* DATASET EXTRACT:
____________________

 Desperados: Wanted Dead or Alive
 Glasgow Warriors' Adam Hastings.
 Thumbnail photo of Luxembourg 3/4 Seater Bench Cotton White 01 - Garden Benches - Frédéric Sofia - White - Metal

____________________

The whole listing above is to be restated word for word.

* RESPONSE TO THIS EXERCISE:
 Desperados: Wanted Dead or Alive
 Glasgow Warriors' Adam Hastings.
 Thumbnail photo of Luxembourg 3/4 Seater Bench Cotton White 01 - Garden Benches - Frédéric Sofia - White - Metal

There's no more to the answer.